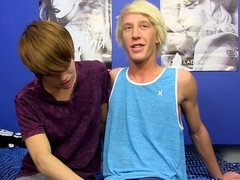 In den arsch, Britisch, Knallhart, Kehlenfick, Schwul, Küssen, Nackt, Jungendliche (18+)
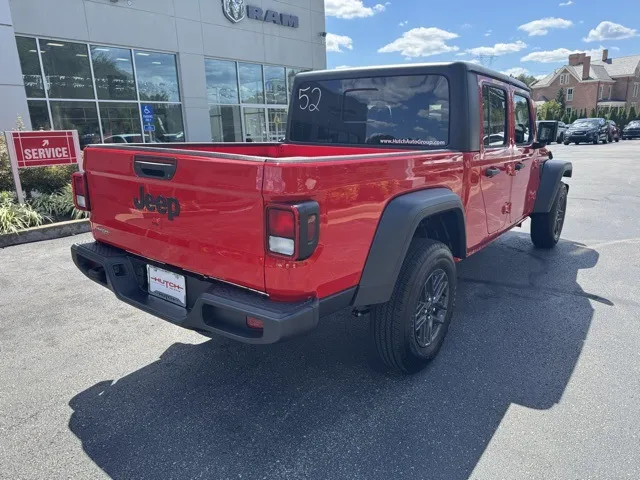 2025 Jeep Gladiator Sport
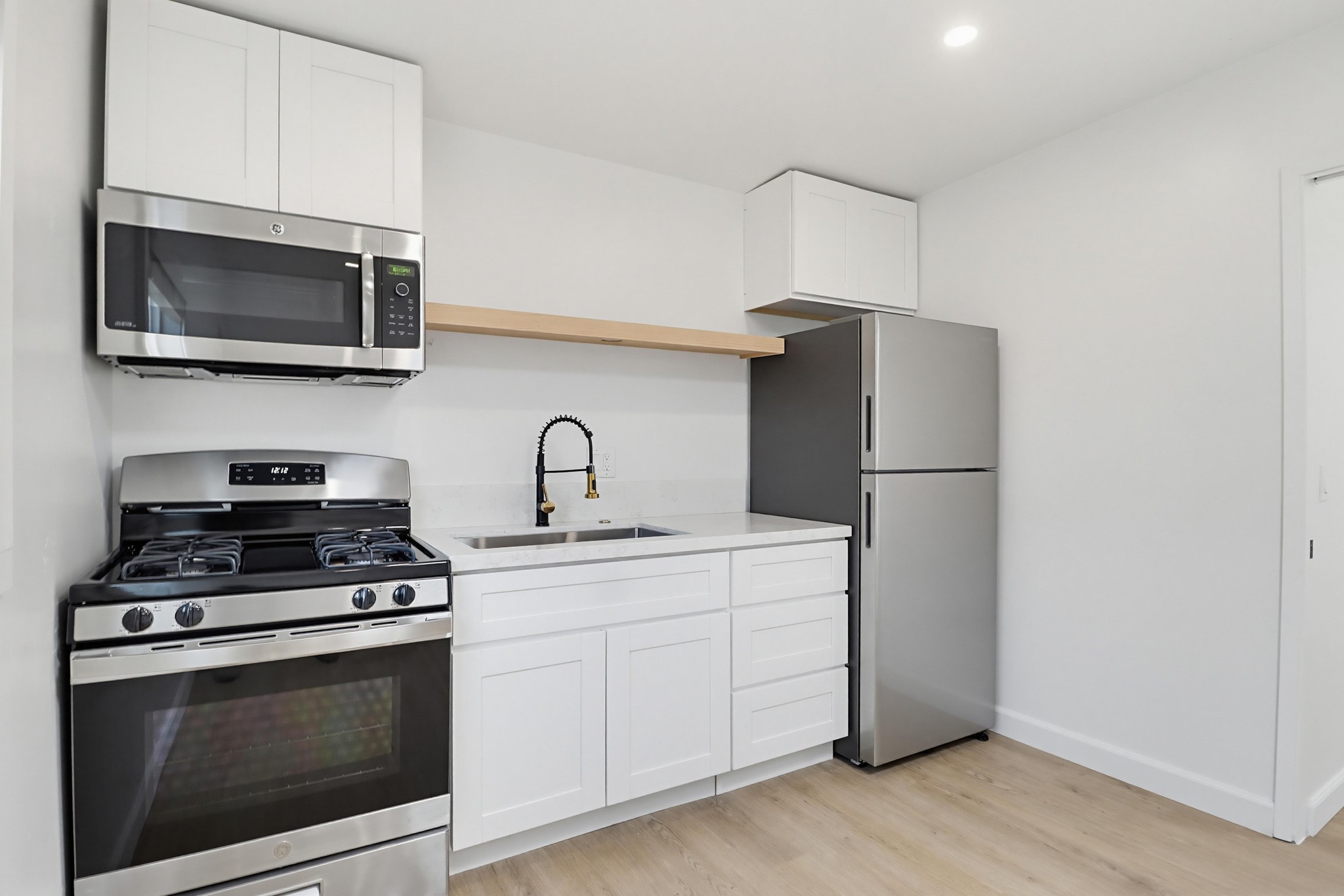 Virtual tour photo 32 of 37 for 3645 Marlborough Ave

Try it: Retype the listing exactly. Skip every picture.

Written reply:
 In den arsch, Britisch, Knallhart, Kehlenfick, Schwul, Küssen, Nackt, Jungendliche (18+)
 2025 Jeep Gladiator Sport
 Virtual tour photo 32 of 37 for 3645 Marlborough Ave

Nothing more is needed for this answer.